Benefits and Risks of a Conduit IRA

A conduit IRA is a type of account that allows you to roll over funds from a qualified retirement plan. You can then transfer the money into another qualified retirement plan in the future. If you are considering using a conduit IRA, you should be aware of some of the benefits and risks that are involved.

Transfer to New Account

One of the biggest advantages of using a conduit IRA is that you can transfer your money into a new qualified retirement account when the time is right. This is beneficial for many people who end up leaving one job to go to another job. When you quit your job, you will need to do something with the funds from your qualified retirement plan such as a 401k. If you do not necessarily have another job lined up, it might be a while before you get a new job.
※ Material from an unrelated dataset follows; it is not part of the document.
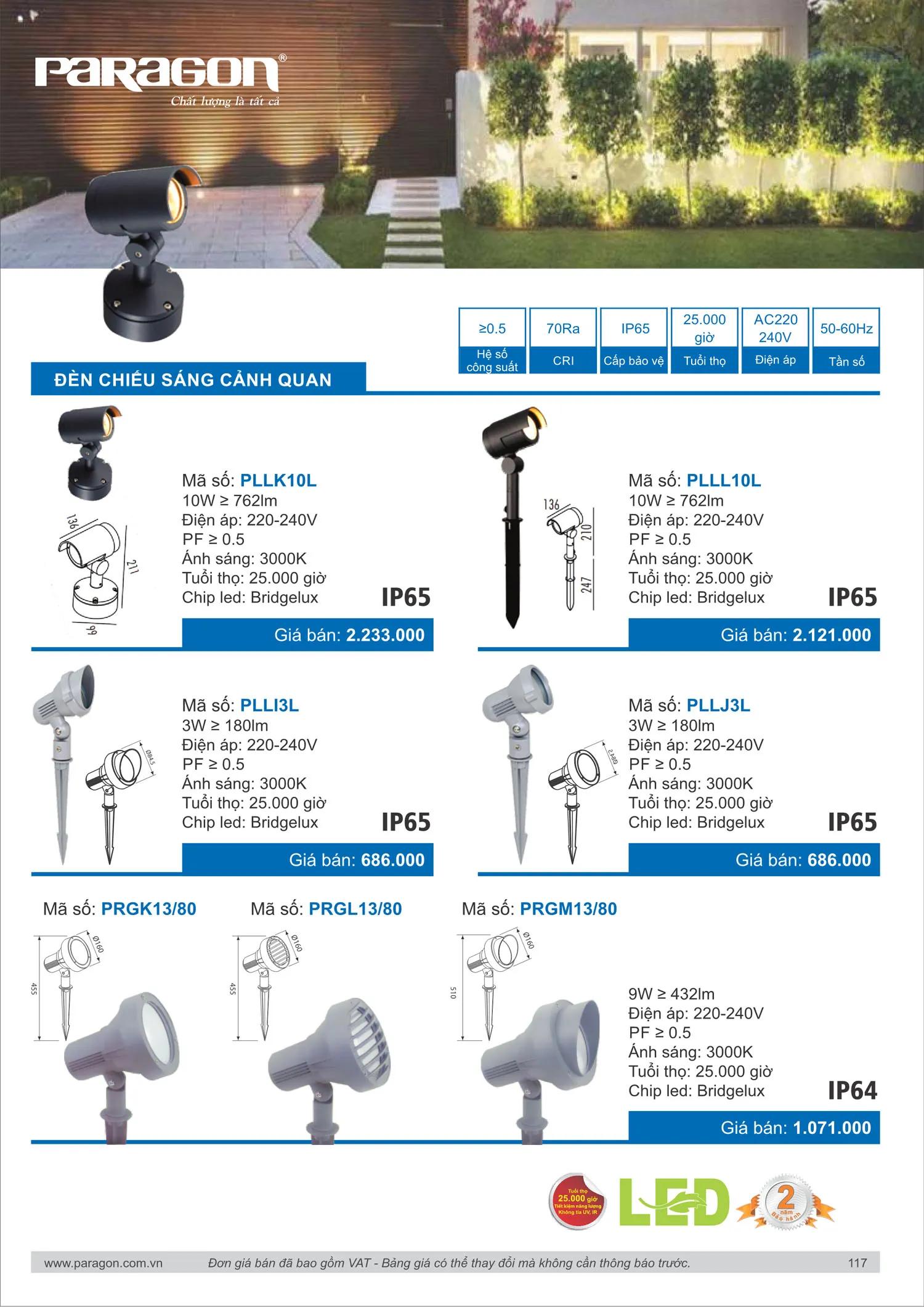 Catalogue Bảng Giá Đèn Led PARAGON 2025 - Trang 118)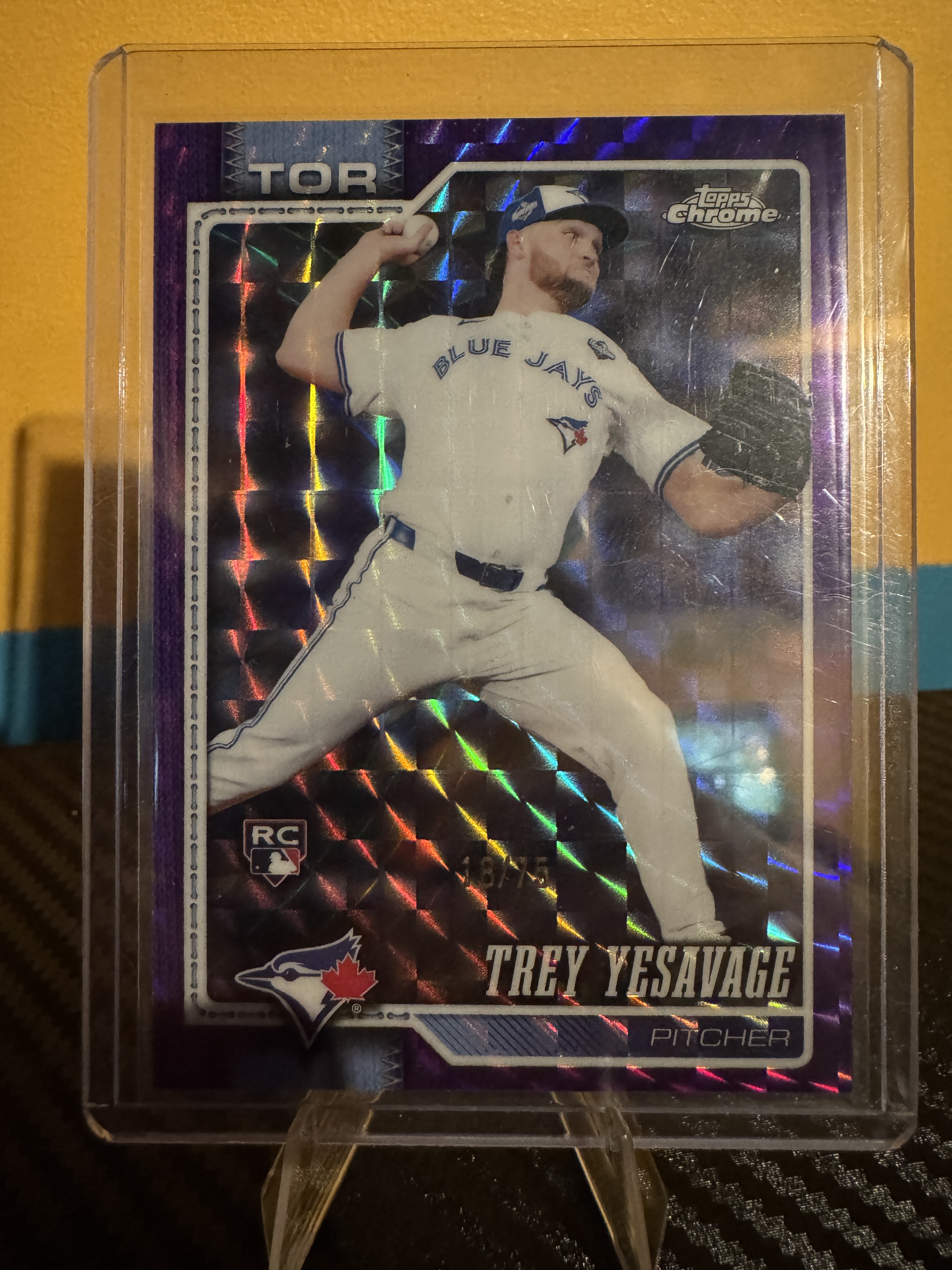 2026 Topps Chrome Baseball Trey Yesavage #86 Purple Geometric Refractor, Raw, front of the card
When you start your new job, it will typically take some time before you qualified to put money into your new retirement plan with the company. With the conduit IRA, you can transfer the funds from the IRA into your new qualified retirement plan when you are ready. This allows you to keep all of the money in tact and avoid paying any early distribution penalties for taking possession of the money.

Tax Averaging

If you had money in a qualified retirement account for a number of years, you may qualify for a 10 year forward tax averaging when you take a lump sum distribution. This allows you to spread the tax bill out over 10 years when you take a lump sum distribution. This means that you will be taxed at lower tax rates on these distributions. If you use a conduit IRA, you will be able to retain this tax status. 

Co-mingled Funds

One of the potential disadvantages of this type of account is that you cannot co-mingle funds. Once you roll your funds from a qualified retirement plan into the conduit IRA, you cannot put any other type of money in the account. If you do, you will lose the tax advantages that come with this type of account. The money in your account will no longer be allowed to accumulate capital gains without paying taxes on them. 

No Contributions

Another potential disadvantage of this type of account is that you cannot make contributions. Once you have money put into the conduit IRA, you can no longer continue making regular contributions out of your pay. This means that if you get a new job and you have to wait through a waiting period before you can get set up with your new qualified retirement plan, you will not be able to save for your retirement with this account. This could put you behind where you want to be with your retirement savings and it could force you to have to work longer before you retire.